Explanation — For the purposes of this sub-section, any fraction contained in such one-third number shall be rounded off as one.”
That rule 4 of Companies (Appointment of Directors) Rules, 2014 states that: –
“Number of Independent Directors
11 [(1)] The following class or classes of companies shall have at least two directors as independent directors –
- i. the Public Companies having paid up share capital of ten crore rupees or more; or
- ii. the Public Companies having turnover of one hundred crore rupees or more; or
- iii. the Public Companies which have, in aggregate, outstanding loans, debentures and deposits, exceeding fifty crore rupees:
Provided that in case a company covered under this rule is required to appoint a higher number of independent directors due to composition of its audit committee, such-higher number of independent directors shall be applicable to it:
Provided further that any intermittent vacancy of an independent director shall be filled-up by the Board at the earliest but not later than immediate next Board meeting or three months from the date of such vacancy, whichever is later:
Provided also that where a company ceases to fulfil any of three conditions laid down in sub-rule (1) for three consecutive years, it shall not be required to comply with these provisions until such time as it meets any of such conditions; Explanation. – For the purposes of this rule, it is here by clarified that, the paid-up share capital or turnover or outstanding loans, debentures and deposits, as the case may be, as existing on the last date of latest audited financial statements shall be taken into account:
Provided that a company belonging to any class of companies for which a higher number of independent directors has been specified in the law for the time being in force shall comply with the requirements specified in such law.”

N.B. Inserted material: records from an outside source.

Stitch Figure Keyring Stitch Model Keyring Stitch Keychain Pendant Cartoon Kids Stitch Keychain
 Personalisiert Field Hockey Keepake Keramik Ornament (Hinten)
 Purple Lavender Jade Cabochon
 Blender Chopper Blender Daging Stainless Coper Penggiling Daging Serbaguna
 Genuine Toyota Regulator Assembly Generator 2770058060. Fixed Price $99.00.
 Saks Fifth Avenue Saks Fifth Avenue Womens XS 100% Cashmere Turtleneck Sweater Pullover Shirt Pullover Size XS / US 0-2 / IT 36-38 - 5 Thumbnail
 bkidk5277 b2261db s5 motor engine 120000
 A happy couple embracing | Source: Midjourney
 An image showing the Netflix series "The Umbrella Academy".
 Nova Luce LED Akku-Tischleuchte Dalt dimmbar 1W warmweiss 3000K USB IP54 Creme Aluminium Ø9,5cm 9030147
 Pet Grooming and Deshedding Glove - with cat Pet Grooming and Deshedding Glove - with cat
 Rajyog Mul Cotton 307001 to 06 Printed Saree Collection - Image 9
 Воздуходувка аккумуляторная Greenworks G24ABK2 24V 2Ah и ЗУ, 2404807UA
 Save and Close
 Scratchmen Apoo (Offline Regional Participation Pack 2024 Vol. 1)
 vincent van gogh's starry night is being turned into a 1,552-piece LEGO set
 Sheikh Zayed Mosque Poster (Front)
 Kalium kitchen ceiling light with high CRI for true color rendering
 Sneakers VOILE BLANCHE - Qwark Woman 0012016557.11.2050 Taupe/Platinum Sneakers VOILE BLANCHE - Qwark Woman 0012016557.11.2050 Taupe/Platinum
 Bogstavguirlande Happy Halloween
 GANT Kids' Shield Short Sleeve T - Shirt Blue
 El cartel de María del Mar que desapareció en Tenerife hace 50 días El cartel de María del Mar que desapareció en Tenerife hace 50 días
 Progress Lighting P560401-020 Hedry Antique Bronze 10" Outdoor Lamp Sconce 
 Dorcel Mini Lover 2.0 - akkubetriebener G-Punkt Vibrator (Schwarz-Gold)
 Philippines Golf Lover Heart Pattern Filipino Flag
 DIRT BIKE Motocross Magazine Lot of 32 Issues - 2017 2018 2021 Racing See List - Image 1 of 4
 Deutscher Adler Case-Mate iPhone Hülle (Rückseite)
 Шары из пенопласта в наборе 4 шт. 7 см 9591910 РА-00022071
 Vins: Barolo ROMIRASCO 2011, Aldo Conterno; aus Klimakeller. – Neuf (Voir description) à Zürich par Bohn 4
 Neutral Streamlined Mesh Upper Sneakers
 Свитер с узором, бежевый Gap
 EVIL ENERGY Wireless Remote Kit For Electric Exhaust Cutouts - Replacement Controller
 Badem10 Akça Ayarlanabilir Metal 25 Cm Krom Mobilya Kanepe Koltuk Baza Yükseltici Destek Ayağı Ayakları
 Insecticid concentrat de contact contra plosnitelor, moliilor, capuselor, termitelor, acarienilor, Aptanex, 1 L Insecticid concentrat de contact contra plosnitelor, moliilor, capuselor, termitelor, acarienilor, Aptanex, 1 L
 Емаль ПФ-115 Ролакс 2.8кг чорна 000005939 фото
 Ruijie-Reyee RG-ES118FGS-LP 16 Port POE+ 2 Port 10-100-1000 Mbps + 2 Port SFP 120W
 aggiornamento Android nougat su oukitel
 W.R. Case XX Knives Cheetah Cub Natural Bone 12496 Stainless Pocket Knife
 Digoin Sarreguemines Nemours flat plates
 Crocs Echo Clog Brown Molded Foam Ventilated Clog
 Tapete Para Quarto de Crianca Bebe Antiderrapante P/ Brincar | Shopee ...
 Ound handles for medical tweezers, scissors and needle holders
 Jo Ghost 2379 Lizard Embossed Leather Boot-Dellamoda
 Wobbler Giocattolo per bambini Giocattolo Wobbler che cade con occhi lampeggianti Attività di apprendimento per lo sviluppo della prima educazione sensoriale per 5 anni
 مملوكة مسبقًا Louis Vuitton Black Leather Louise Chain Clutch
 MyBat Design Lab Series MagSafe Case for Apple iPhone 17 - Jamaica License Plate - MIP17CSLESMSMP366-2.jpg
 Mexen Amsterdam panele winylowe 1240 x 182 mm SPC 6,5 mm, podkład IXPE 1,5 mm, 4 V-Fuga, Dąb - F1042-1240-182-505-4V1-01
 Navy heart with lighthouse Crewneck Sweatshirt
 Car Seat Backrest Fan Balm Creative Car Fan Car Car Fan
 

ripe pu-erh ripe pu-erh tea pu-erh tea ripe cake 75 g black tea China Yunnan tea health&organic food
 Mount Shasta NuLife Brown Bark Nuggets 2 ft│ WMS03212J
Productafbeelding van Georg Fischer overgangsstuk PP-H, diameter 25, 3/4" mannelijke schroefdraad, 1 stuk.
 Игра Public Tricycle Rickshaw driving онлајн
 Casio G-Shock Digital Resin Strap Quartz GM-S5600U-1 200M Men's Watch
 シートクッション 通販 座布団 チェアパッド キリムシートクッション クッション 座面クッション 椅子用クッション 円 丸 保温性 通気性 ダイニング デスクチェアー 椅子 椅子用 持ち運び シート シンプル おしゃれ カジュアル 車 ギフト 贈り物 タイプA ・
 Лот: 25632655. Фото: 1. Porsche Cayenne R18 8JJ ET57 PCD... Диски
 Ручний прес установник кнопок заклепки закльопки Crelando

That section 172 of the Companies Act, 2013 states that: –
” If a company is in default in complying with any of the provisions of this Chapter and for which no specific penalty or punishment is provided therein, the company and every officer of the company who is in default shall be liable to a penalty of fifty thousand rupees, and in case of continuing failure, with a further penalty of five hundred rupees for each day during which such failure continues, subject to a maximum of three lakh rupees in case of a company and one lakh rupees in case of an officer who is in default.”
That in exercising of the power conferred U/s 454 of the Companies Act, 2013 undersigned has passed the adjudication order imposing penalty as under:
That taking in above facts total penalty of 3,00,000/- is imposed on the company and Rs 1,00,000/- on each Officer in default/ KMP namely Shri Ram Kishan Verma (MD & CEO) and Shri Abhinav Gautam (CS) to be paid as stated herein above within 90 days from the receipt of order vide appropriate challan on MCA Portal. The penalty imposed on the Directors should be paid from their personal account.
That failure to pay penalty within the stipulated period the company and its director / officers in default are liable for legal action U/s 454(8) of Companies Act 2013. The matter stands disposed of in accordance with the order above.